Hearings by the House and Senate Address For-Profit Education, Credit Hours and Accreditation

The House Education and Labor Committee held a hearing on June 17, 2010 on accrediting organizations and credit hours. The following week, the Senate Committee on Health, Education, Labor and Pensions held a hearing on June 24, 2010 on for-profit higher education. Together, these two hearings demonstrate a strong interest by the House and Senate in oversight of issues that have an impact on accreditation.

U.S. House of Representatives Hearing on Accreditation and Credit Hours

The House Education and Labor Committee hearing on June 17, 2010 focused on accrediting organizations’ review of institutions’ policies on credit hours and program length. Kathleen Tighe, USDE’s Inspector General (IG), provided an overview of recent Department reports on credit hours and program length with regard to the three largest regional accreditors. Other witnesses included Sylvia Manning, President of the North Central Association’s Higher Learning Commission; and Michale McComis, Executive Director of the Accrediting Commission of Career Schools and Colleges.

In his prepared opening statement, Committee Chair George Miller (D-California) indicated his concern about the increased cost of higher education and growing student indebtedness, as well the cost to students and taxpayers of inflated credit hours. While initially stating that the need for greater higher education accountability regarding the assignment of credit hours cut across all types of institutions, his closing commented suggested a particular concern with the for-profit sector.
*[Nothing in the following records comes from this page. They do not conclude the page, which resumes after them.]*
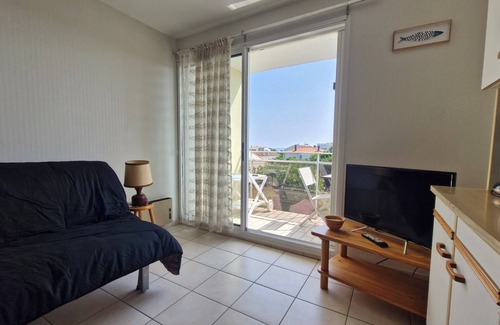 Pontaillac Apartment | Royan - APARTMENT with SEA VIEW - ONLY 300m from the BEACH and SHOPS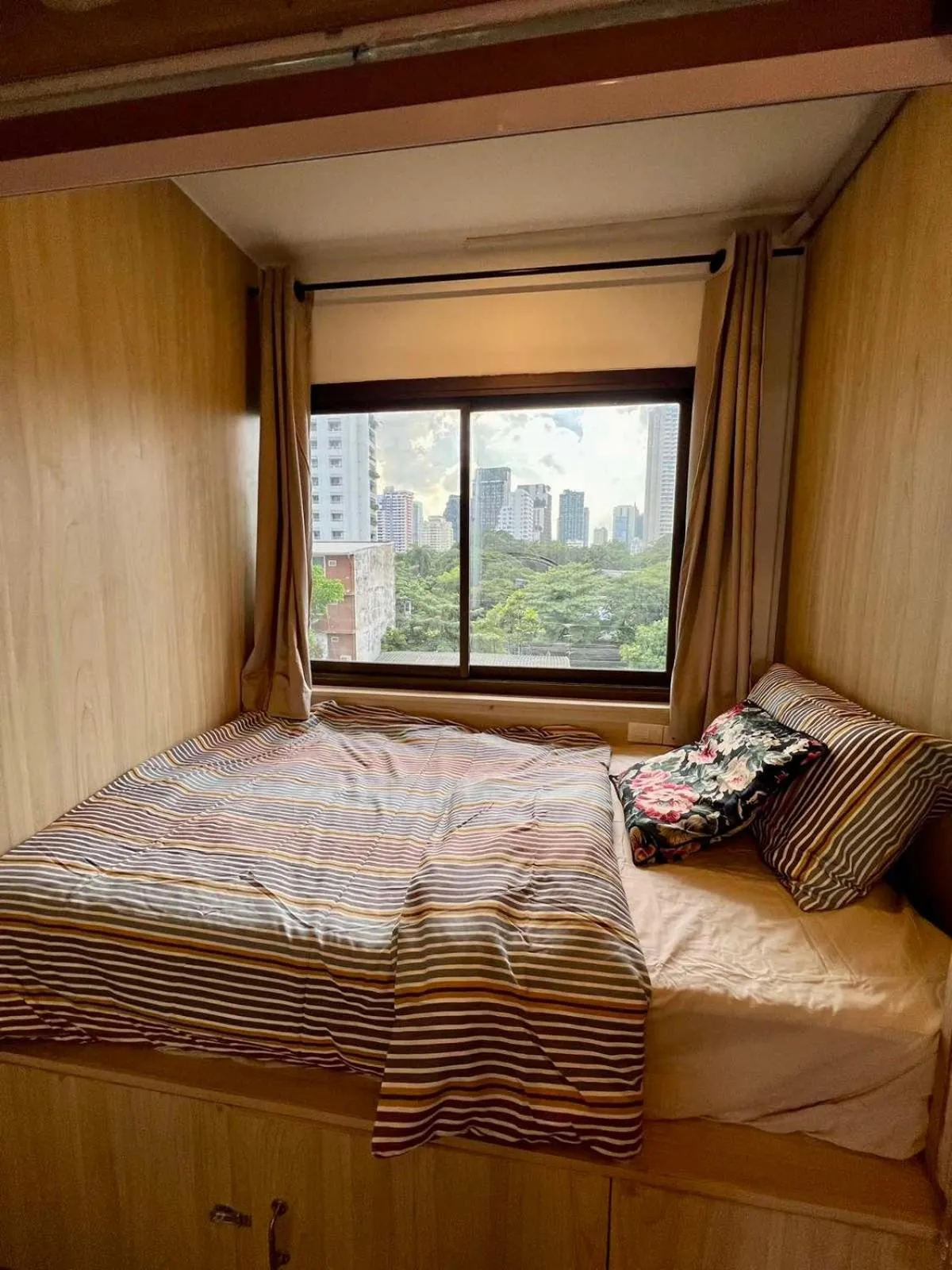 Bed in Comfy Crib Hostel 2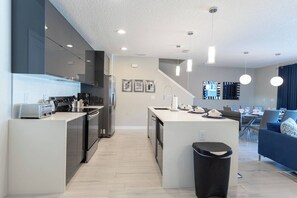 Mikrovågsugn, ugn, spishäll och diskmaskin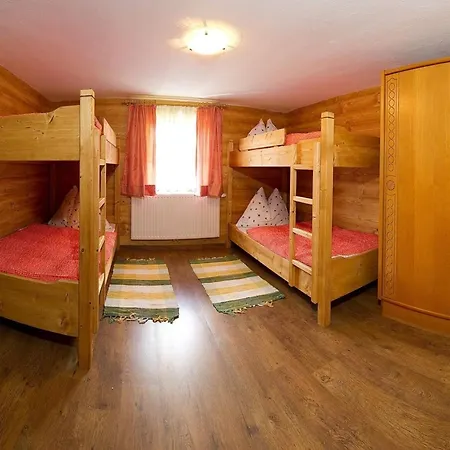 Schmaranzhütte Ferienhaus *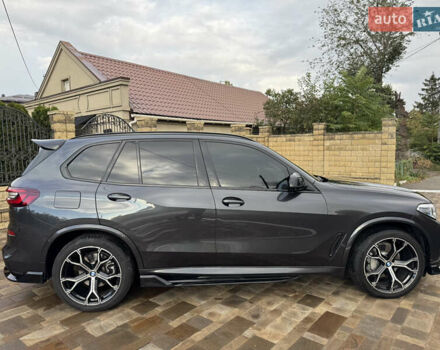 БМВ Х5 2022 в Днепре (Днепропетровске) на Automoto.ua Серый БМВ Х5, объемом двигателя 3 л и пробегом 58 тыс. км за 67000 $, фото 4 на Automoto.ua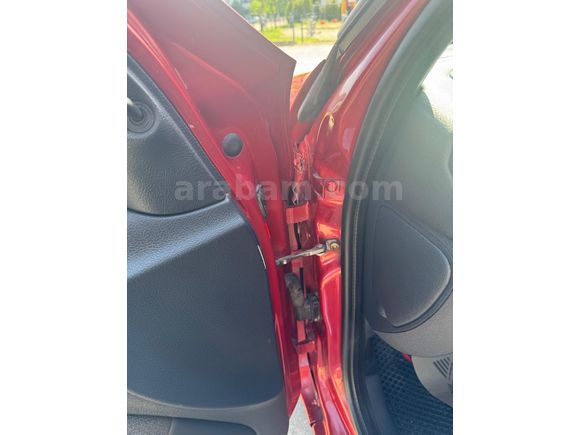 Sahibinden Renault Clio 1.2 Authentique 2004 Model  157.000 km Kırmızı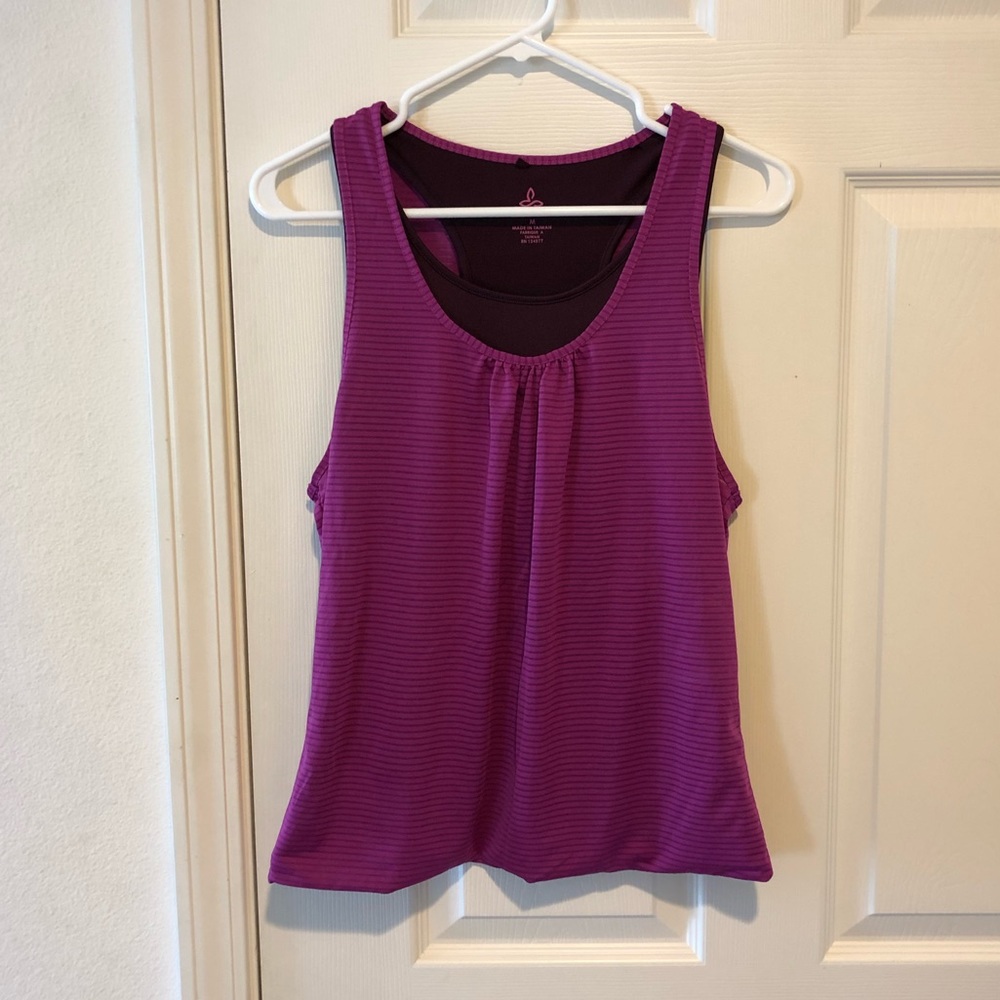 LAST CALL🌺 NWOT Fitted and flowy Prana workout tank top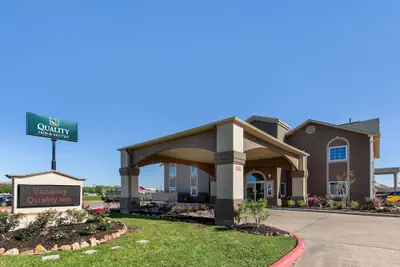 Photo 2 - Quality Inn Port Arthur – Nederland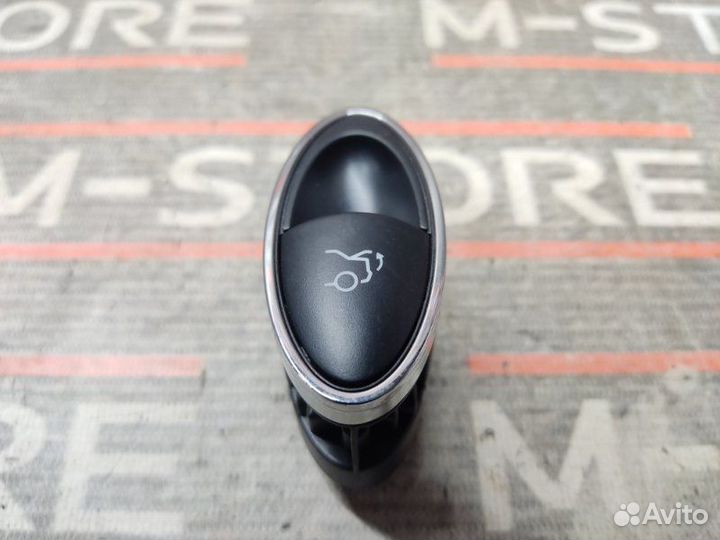 Кнопка открывания багажника Mercedes-Benz E-Class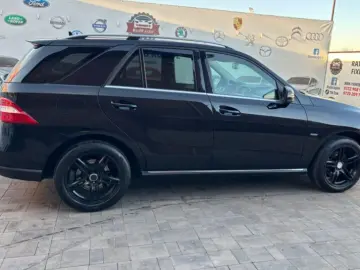 MERCEDES Benz ML350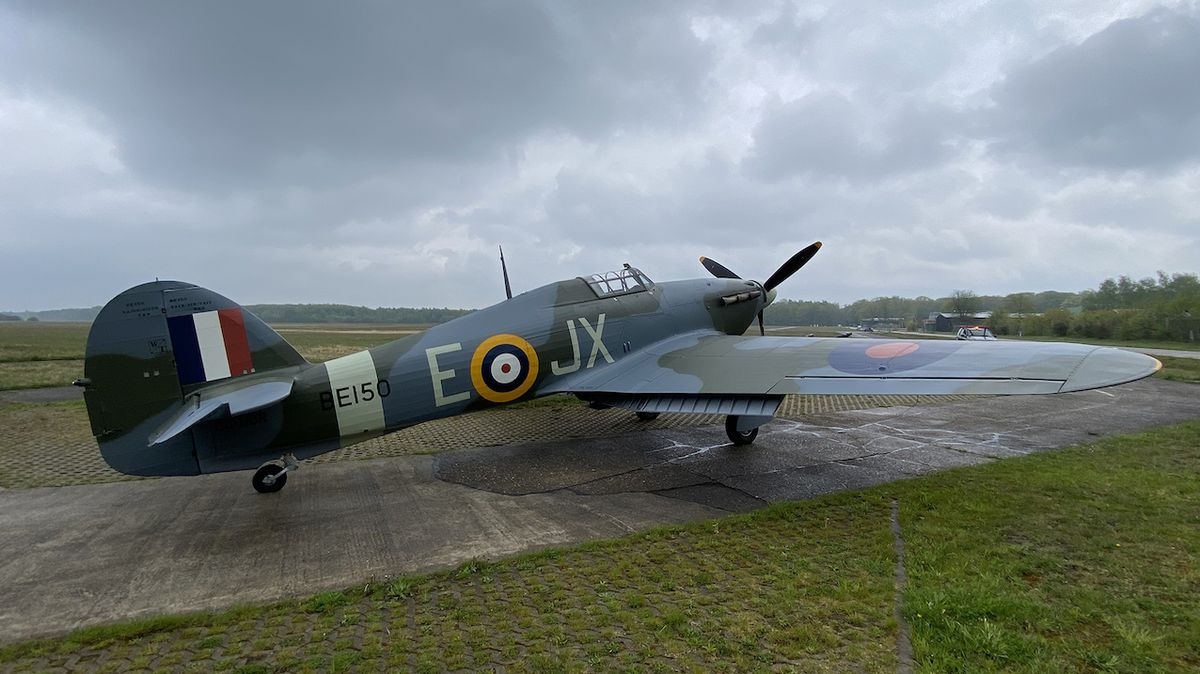 U Chebu spadla stíhačka z druhé světové války Hawker Hurricane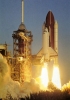 Il decollo dello space shuttle Columbia dal Kennedy Space Centre in Florida il 12 aprile 1981.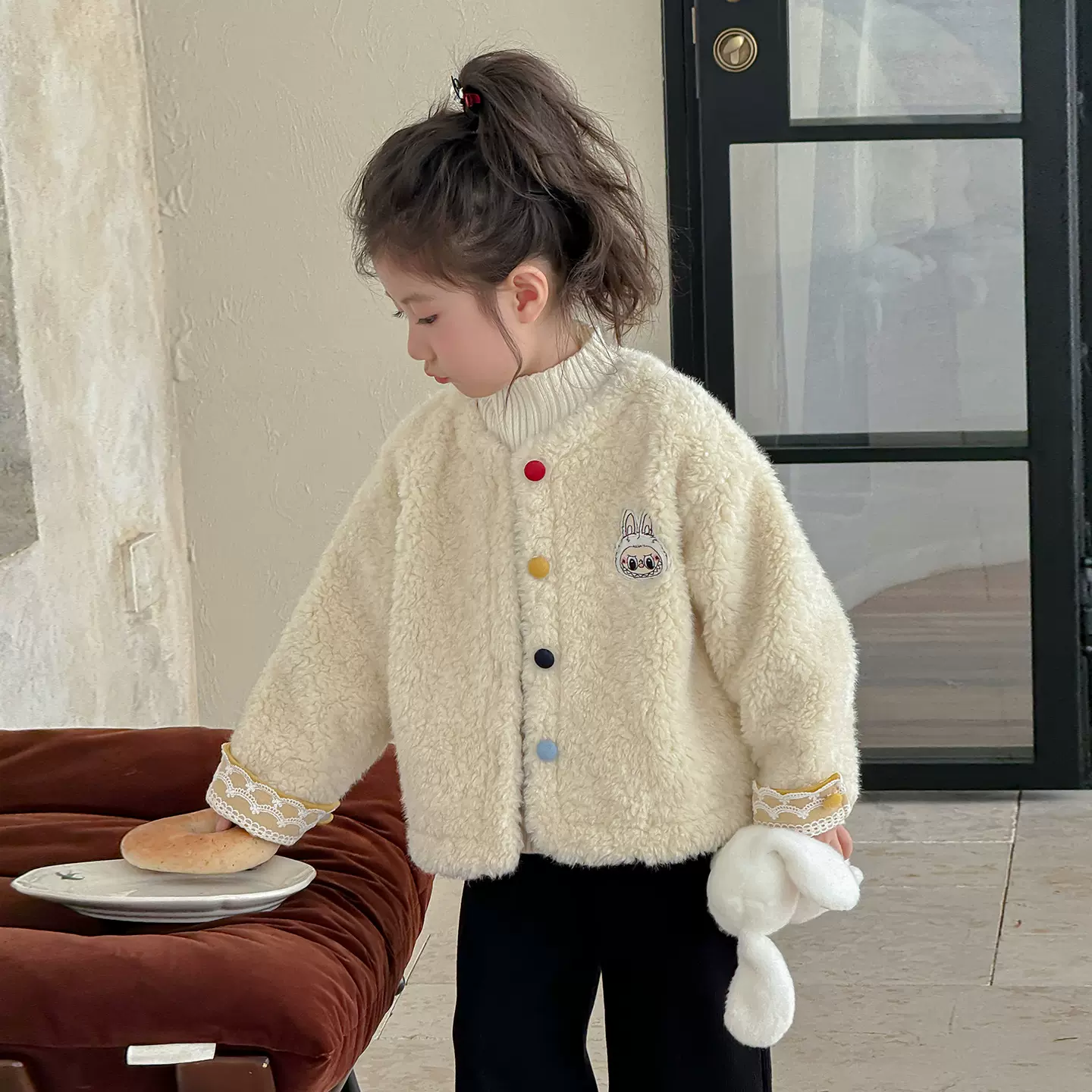 女童外套春秋款2026新款洋气女宝宝冬季拉布布儿童春装羊羔毛毛衣
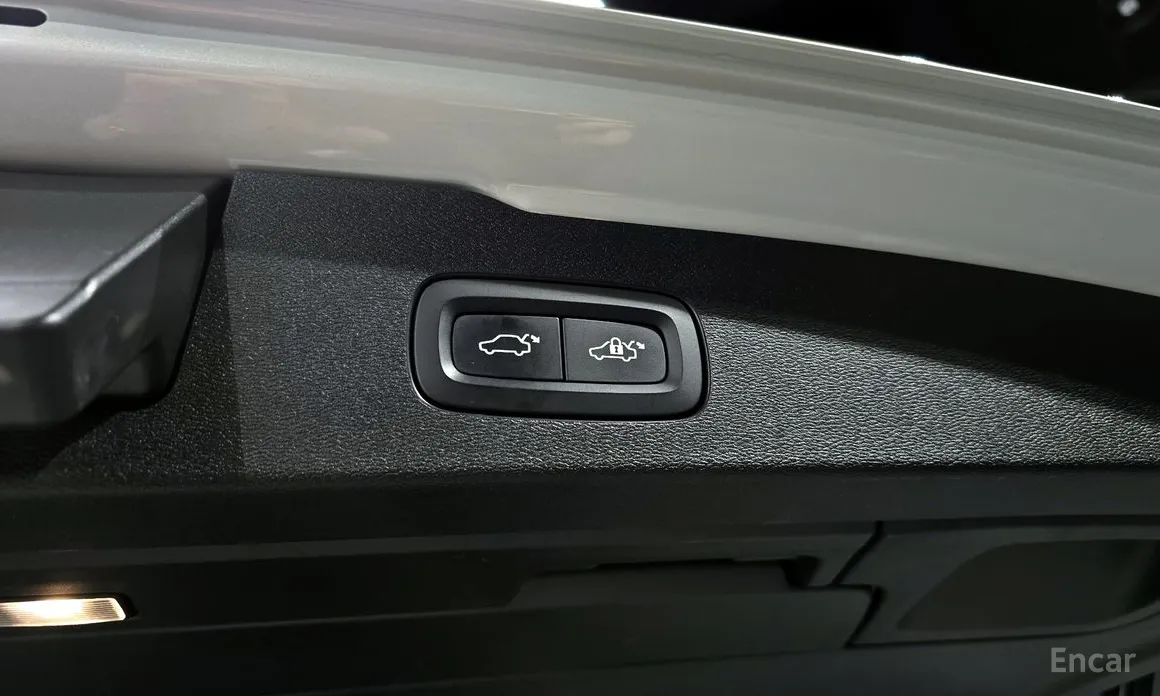 Фото 20 - Volvo V60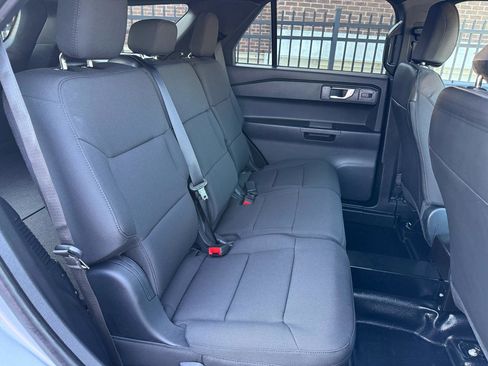 Used 2023 Ford Explorer AWD image 24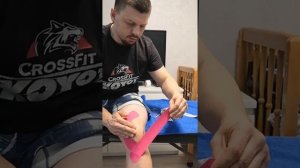 Как затейпировать колено правильно самому себе.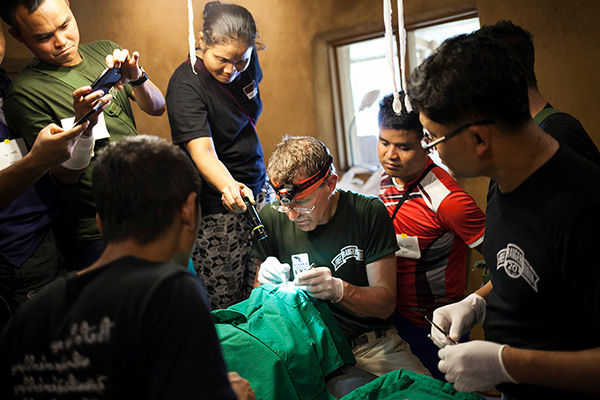 D.r Bob and medics operate.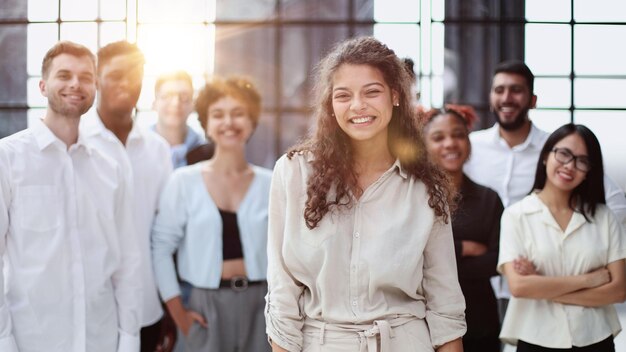 Grupo de personas exitosas equipo de diversidad concepto sonriente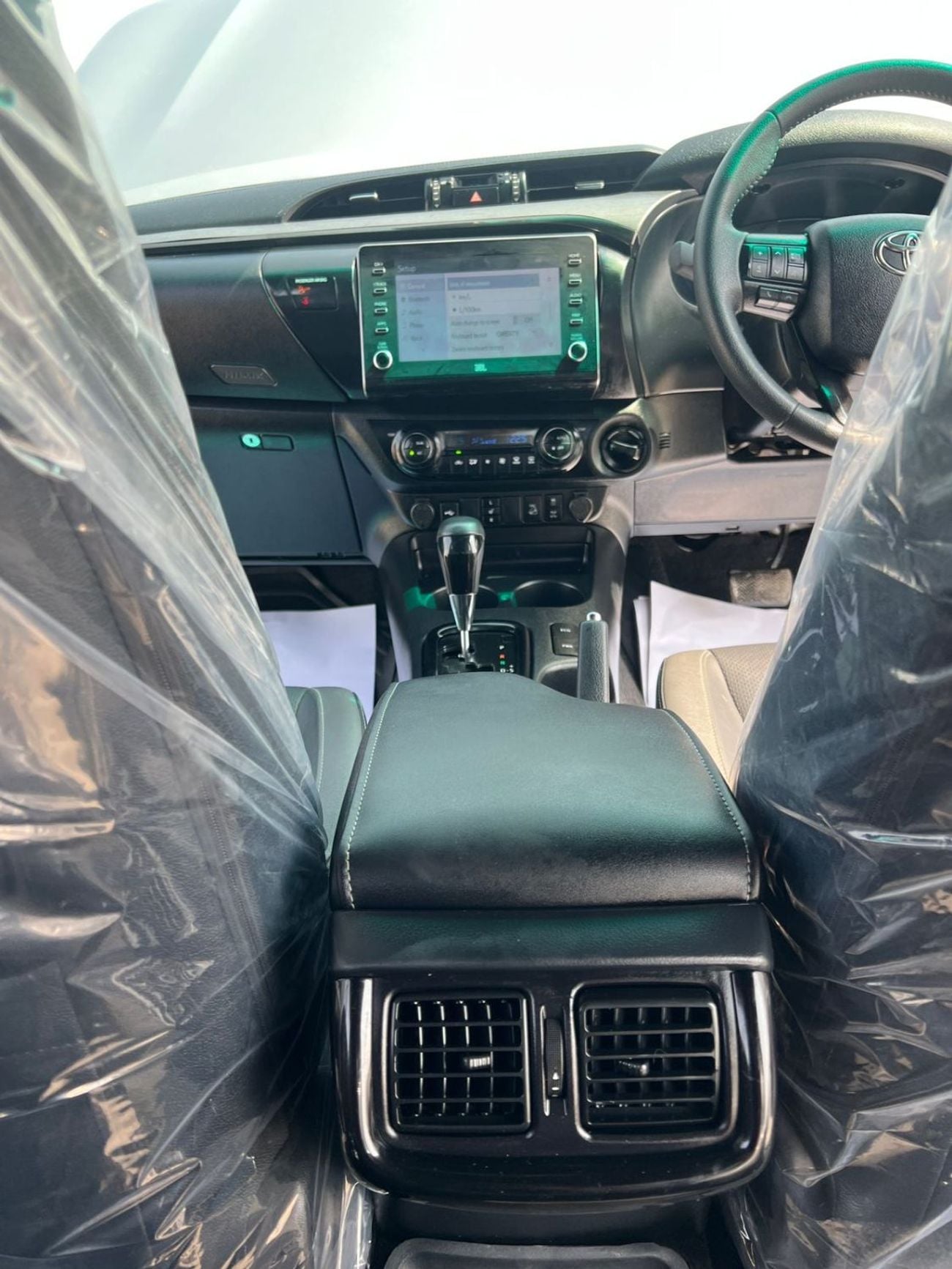 Toyota Hilux ADVENTURE RIGHT HAND DRIVE ONLY FOR EXPORT 2.8L 4 CYLIENDER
He cited the IG’s findings that the three regional accreditors did not have definitions for credit hours and that only one of the three has a definition of program length.

Several committee members echoed Miller’s comments and noted the importance of a clear definition of credit hours, such as the definition included in USDE’s proposed regulations. Both witnesses from accrediting organizations testified that while having an established federal definition for a credit hour would not be harmful, such a definition, by itself, would not enhance academic quality.

With regard to accreditation, the committee:

  • Expressed a strong interest in greater federal involvement in the assigning of credit hours, perhaps including standardization at the federal level.
  • Raised a number of questions about current accrediting organizations’ monitoring of assignments of credit hour by the institutions and programs they accredit.
  • Explored the appropriate assignment of credit hours as this relates to academic quality.

The two-hour hearing concluded with Miller noting that the committee likely will ask representatives from the accreditation community to meet with committee members to discuss issues raised both by the IG reports and by the questions and answers at the hearing.

Senate HELP Committee Hearing on For-Profit Education

The Senate Health, Education, Labor and Pensions (HELP) Committee hearing on June 24, 2010 was  the first in a series the committee plans to hold on for-profit higher education. In a news release announcing the hearing, Committee Chair Tom Harkin (D-Iowa) said “The Committee will examine a broad range of issues related to the growing role of the for-profit higher education sector, including the scope and rapid growth of the federal investment in for-profit higher education and the corresponding opportunities and risks for students and taxpayers.”

The hearing’s witnesses included Steven Eisman, Portfolio Manager for FrontPoint Financial Services, Yasmine Issa, a former student at Sanford Brown Institute and Margaret Reiter, former California Supervising Deputy Attorney General, all of whom had previously expressed concerns about for-profit higher education. Also testifying at the hearing were Kathleen Tighe, USDE’s Inspector General and Sharon Thomas Parrot, Senior Vice President of Government and Regulatory Affairs and Chief Compliance Officer for DeVry, Inc.

Two issues dominated the hearing: a call for additional reliable information and a view that that students are not well-served by for-profit education. Comments and questions at the hearing focused on the debt burden of students at for-profit schools, the lack of a standard definition either for a credit hour or program length, the need for more information and data concerning graduation and job placement statistics and recruiting practices. Harkin maintained that there were too many things not known about the for-profit sector, e.g., long-term defaults, the extent of to which for-profit institutions profit from federal dollars and student outcomes.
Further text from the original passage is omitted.